§ DATA RECORDS:
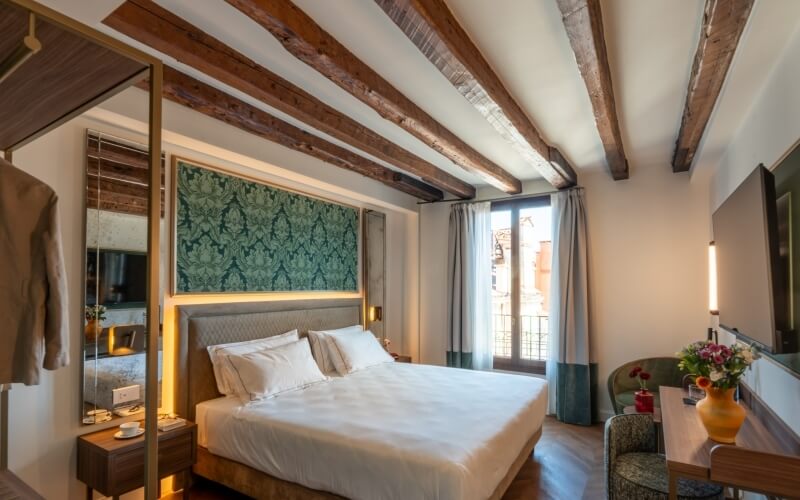 Hotelzimmer mit Bett, Nachttisch, Schreibtisch und Balkonfenster.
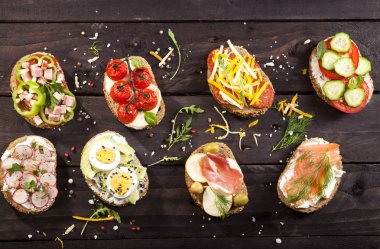 Koyu ahşap masa üzerinde farklı bruschettas kümesi. En iyi görünüm ve kopya alanı.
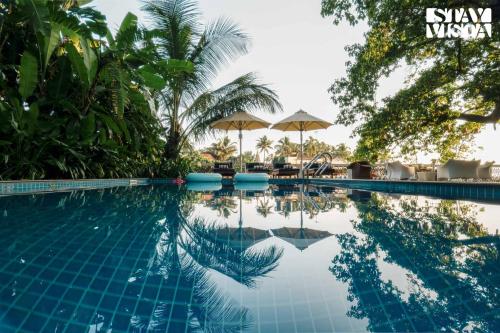 una piscina con palmeras y sombrillas en StayVista at Di Mora by the Sea with Lawn & Pool, en Baga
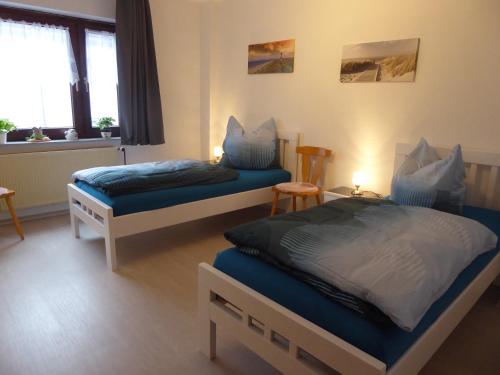 Кровать или кровати в номере City-Apartment Lüdenscheid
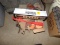 Box of Clay Pigeons, Rifle Scope, and 2 Gun Cleaning Kits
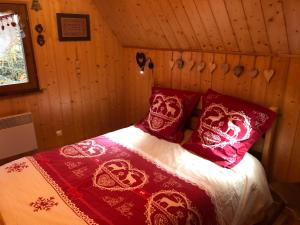维尔德巴赫Chalet Le Cerf的一张床上,床上有红白的毯子和枕头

§ AIM OF THE TASK: With the images removed, give back every entry exactly as shown.

§ RESPONSE:
 Hotelzimmer mit Bett, Nachttisch, Schreibtisch und Balkonfenster.
 Koyu ahşap masa üzerinde farklı bruschettas kümesi. En iyi görünüm ve kopya alanı.
 una piscina con palmeras y sombrillas en StayVista at Di Mora by the Sea with Lawn & Pool, en Baga
 Кровать или кровати в номере City-Apartment Lüdenscheid
 Box of Clay Pigeons, Rifle Scope, and 2 Gun Cleaning Kits
维尔德巴赫Chalet Le Cerf的一张床上,床上有红白的毯子和枕头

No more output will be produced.